Increasing Women’s Agency and Impact
Employers, communities, and households benefit when women have greater opportunity and agency. Research has shown that companies perform better during economic turbulence when they have women on their boards, and communities with women in public office have greater investments in public goods, like access to water. Within households when women determine how to spend extra income, they are more likely then men to save that money or loan it to their personal network, rather than spending it on personal consumption.
Gaining positions of leadership involves risk-taking, competition and negotiation, which research has shown women are less apt to pursue: Although men and women have similar levels of trust and reciprocal behavior, women are less likely to take risks than men; women are less likely to enter competitions (though interestingly, this trend is reversed in matriarchal societies), and they initiate negotiations less frequently. When they do negotiate assertively, women experience “social backlash,” from which men are immune, because such behavior does not conform to gender stereotypes.
Learning to negotiate effectively can be a crucial tool for women - from making their own health and reproductive choices to negotiating with their parents to attend school. When women do not compete or negotiate, we all lose out.
How We Can Advance Women In Leadership Positions, Level Playing Fields In Negotiations, And Enhance Their Decision Making Agency
Within gendered systems, a confluence of factors impedes women’s negotiation, decision making, and leadership, including ingrained stereotypes and social backlash for violating those stereotypes, an aversion to competition, family responsibilities, as well as a lack of female role models. To overcome these obstacles:
- Establish Quotas: Quotas on corporate boards and political offices improve women’s participation in leadership roles. Reserving political seats for women increases female electoral participation and improves the government’s responsiveness to women’s policy concerns. Seat reservations for female elected officials also make communities more likely to associate women with leadership and vote for women in the future. Quotas or affirmative action can increase women's willingness to compete in competitive mixed-gender environments resulting in more qualified candidates, men and women alike, applying for competitive positions. In the board room, however, there are mixed results. After board quotas were instituted in Norway, gender diversity increased, but this imposed costs on firms and shareholders.
- Modeling Female Leadership: Women in leadership positions have a multiplier effect: Repeated exposure to female elected officials improves perceptions of female leaders and leads to future electoral gains for women.

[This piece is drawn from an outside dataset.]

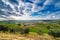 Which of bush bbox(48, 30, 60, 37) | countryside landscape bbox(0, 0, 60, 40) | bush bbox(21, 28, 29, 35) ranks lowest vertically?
bush bbox(48, 30, 60, 37)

Female role models in leadership positions help adolescent girls aspire to leadership positions. Mentorship, confidence building, media training and political education are all effective tools to increase adolescent girls’ and women’s political aspirations and efficacy.
- Women’s Legal And Social Control Over Assets: Increasing women’s control over assets and encouraging them to set goals leads to increased decision-making for women in households. Research shows that women who receive microfinance funds tend to invest in education, housing and nutrition. Commitment savings products, in particular, positively affect household decision-making power for women and consumption decisions that favor women’s preferences.
- Industry Negotiation Standards: Ambiguity heightens the potential for gender to play a role in price and salary negotiations. Reduce ambiguity by having transparent information about what career opportunities, resources or rewards are negotiable and what the standards are for attaining them. Educate employees about the importance of resisting implicit gender stereotypes.
- Negotiation Strategies For Women: Women are strong negotiators. In fact, when women negotiate on behalf of others, they exceed men's negotiated outcomes. When negotiating for themselves, however, women correctly predict social backlash and hesitate to negotiate strongly. One way to circumvent this is by displaying concern for relationships within the organization, or using relational accounts. Crafting strategies that anchor in relational concern within the organization can enhance women's persuasiveness and help them avoid the risks of social backlash. Additionally, learning what can and cannot be negotiated allows room for different ways to gain.